** Opening DATA FOR REVIEW block **
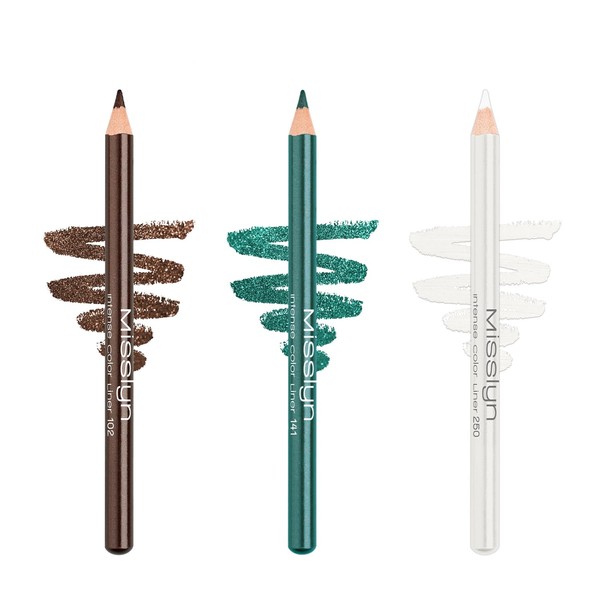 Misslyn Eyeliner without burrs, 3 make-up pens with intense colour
** Closing DATA FOR REVIEW block **
** Opening DATA FOR REVIEW block **
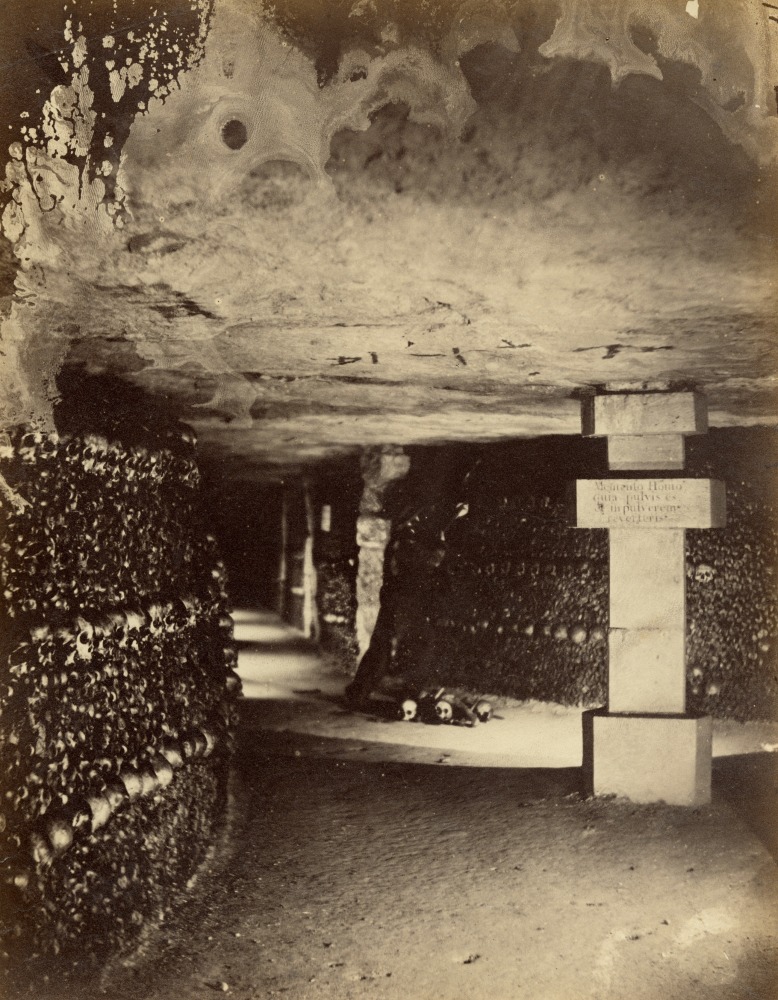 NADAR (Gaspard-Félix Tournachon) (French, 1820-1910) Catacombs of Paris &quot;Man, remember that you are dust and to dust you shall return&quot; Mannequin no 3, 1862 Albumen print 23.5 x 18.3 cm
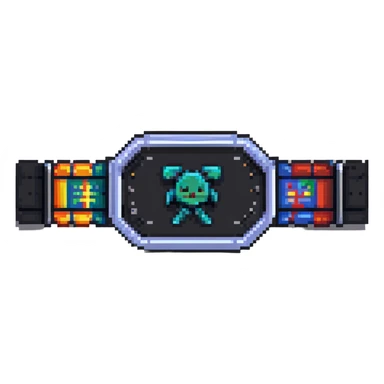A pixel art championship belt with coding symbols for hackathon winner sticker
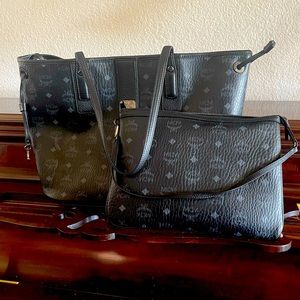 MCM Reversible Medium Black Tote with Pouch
** Closing DATA FOR REVIEW block **
** Opening DATA FOR REVIEW block **
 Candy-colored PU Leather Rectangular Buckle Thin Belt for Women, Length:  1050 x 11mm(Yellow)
** Closing DATA FOR REVIEW block **
* PROBLEM
Your copy should hold only the lines above from the one containing "NADAR (Gaspard-Félix Tournachon)" through the one containing "MCM Reversible Medium Black Tote with Pouch", exactly as written and free of pictures.

* SOLUTION TO THIS TASK
 NADAR (Gaspard-Félix Tournachon) (French, 1820-1910) Catacombs of Paris &quot;Man, remember that you are dust and to dust you shall return&quot; Mannequin no 3, 1862 Albumen print 23.5 x 18.3 cm
A pixel art championship belt with coding symbols for hackathon winner sticker
 MCM Reversible Medium Black Tote with Pouch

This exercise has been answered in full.